§ **About this task**
Pictures excluded, retype the lines from the one containing "Black Puffer Coat" through the last line of the data below, both included.

Image-text web data:
* * * * * * * * *

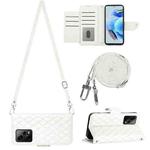 For Xiaomi Redmi Note 12 Pro+ 5G Global Rhombic Texture Flip Leather Phone Case with Long Lanyard(White)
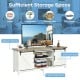 TV stand media center console cabinet in white with sliding barn doors, featuring ample storage and a spacious tabletop.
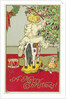 A Merry Christmas! Postcard of a Child on a Rocking Horse by Anonymous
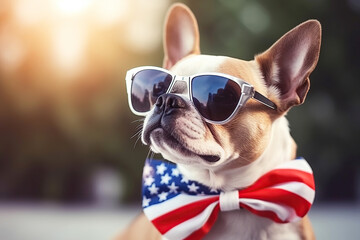 Dog and USA flag, independence day 4th July, illustration for print, generative ai
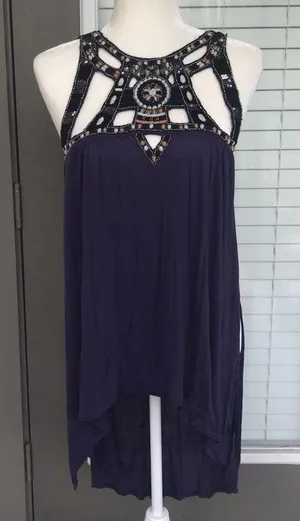 Free People purple vision quest embellished top thumbnail 5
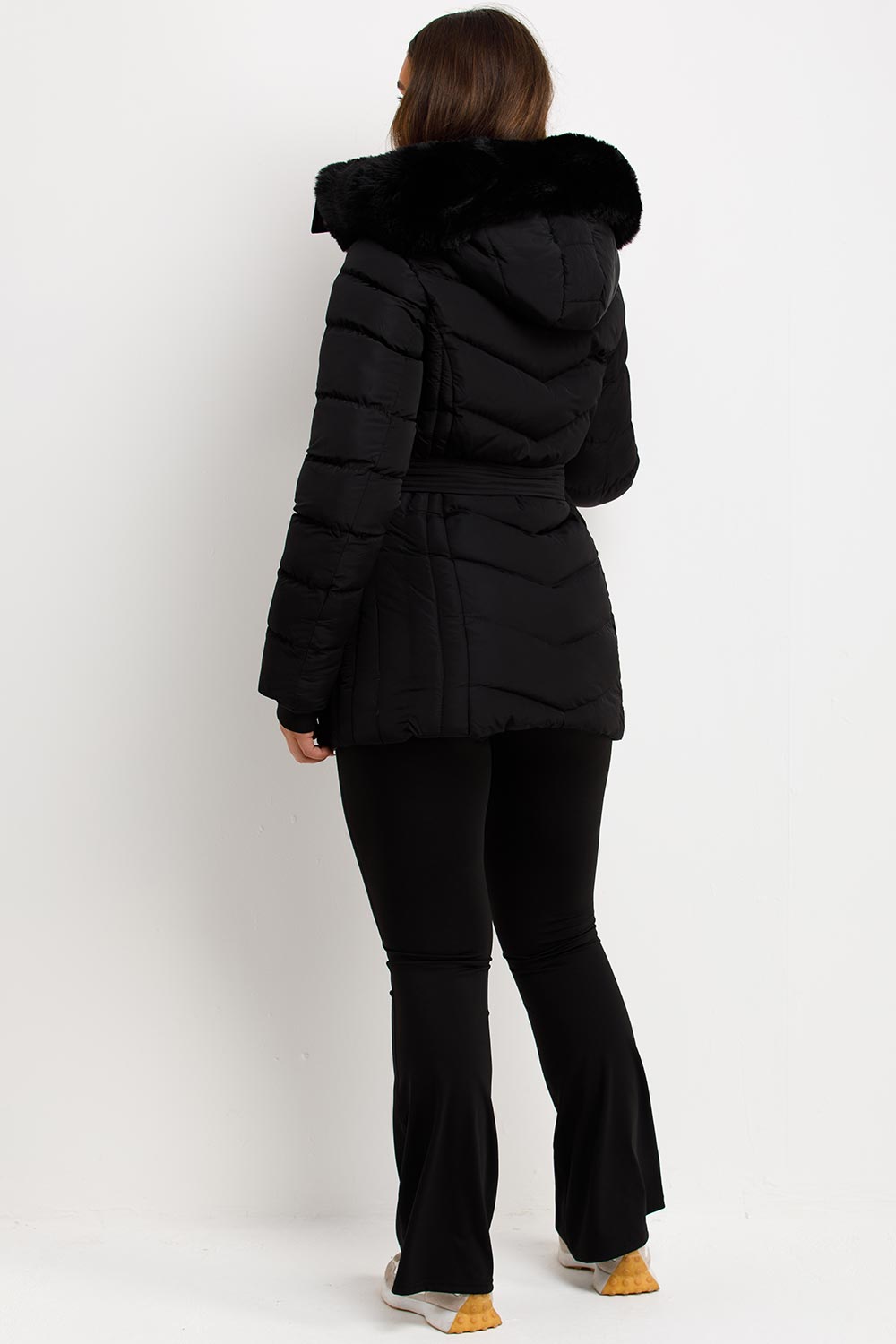 Black Puffer Coat With Faux Fur Hood And Belt
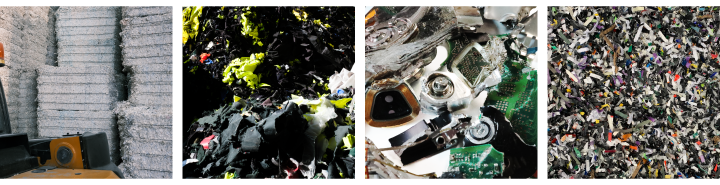 Image of shredded paper, shredded textiles, shredded hard drives and shredded floppy disks.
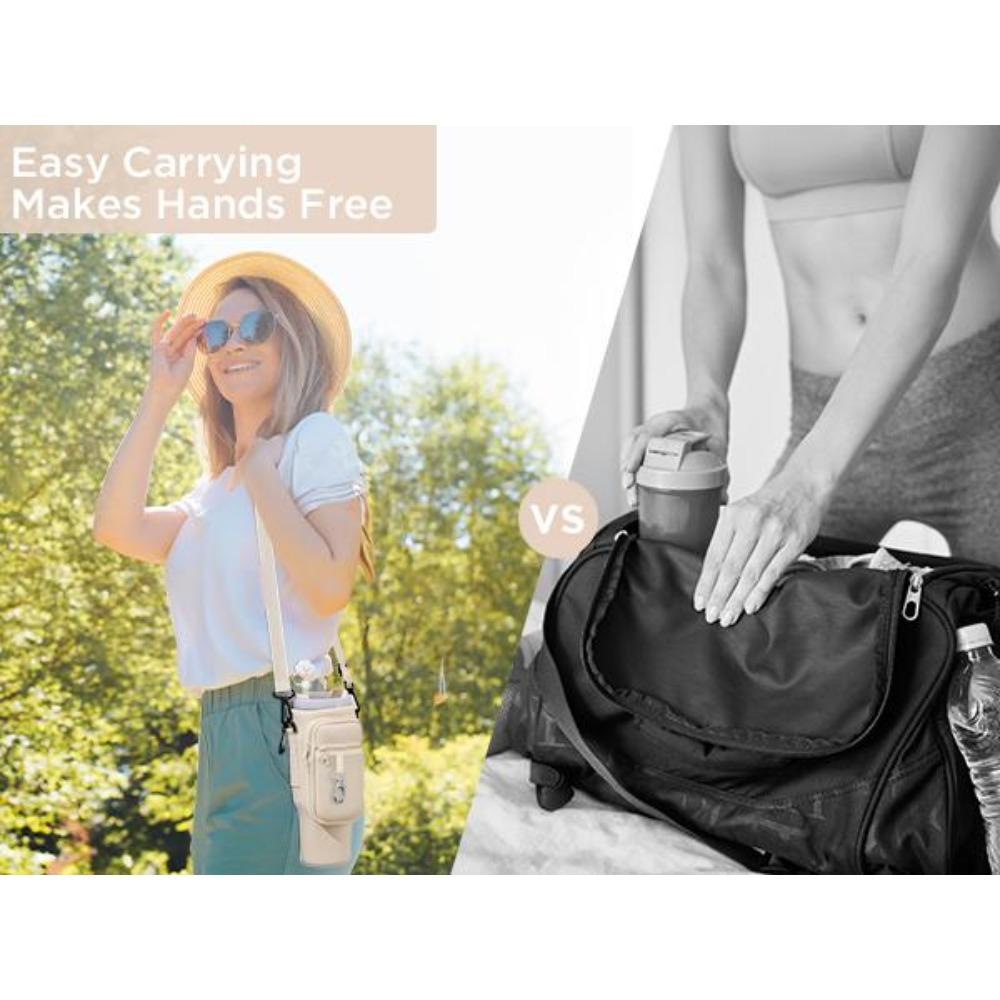 Water Bottle Carrier Bag with Phone Pocket for Stanley 40/30 oz Tumbler, Neoprene Water Bottle Holder Pouch with Adjustable Strap, Straw Cover & Carabiner, Ideal New Year & Valentine's Day Gift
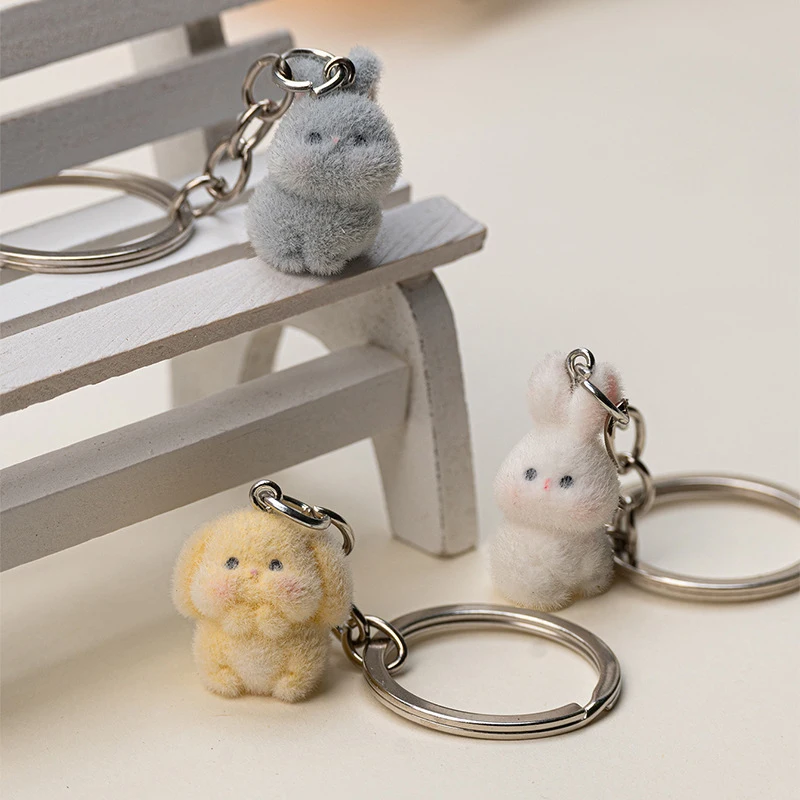 Resin Flocking Cute Three-dimensional Bunny Keychain Pendant, Car Keychain Pendant, Bag Pendant, Accessory Batch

* * * * * * * * *

§ **Answer area**
 Black Puffer Coat With Faux Fur Hood And Belt
 Image of shredded paper, shredded textiles, shredded hard drives and shredded floppy disks.
 Water Bottle Carrier Bag with Phone Pocket for Stanley 40/30 oz Tumbler, Neoprene Water Bottle Holder Pouch with Adjustable Strap, Straw Cover & Carabiner, Ideal New Year & Valentine's Day Gift
 Resin Flocking Cute Three-dimensional Bunny Keychain Pendant, Car Keychain Pendant, Bag Pendant, Accessory Batch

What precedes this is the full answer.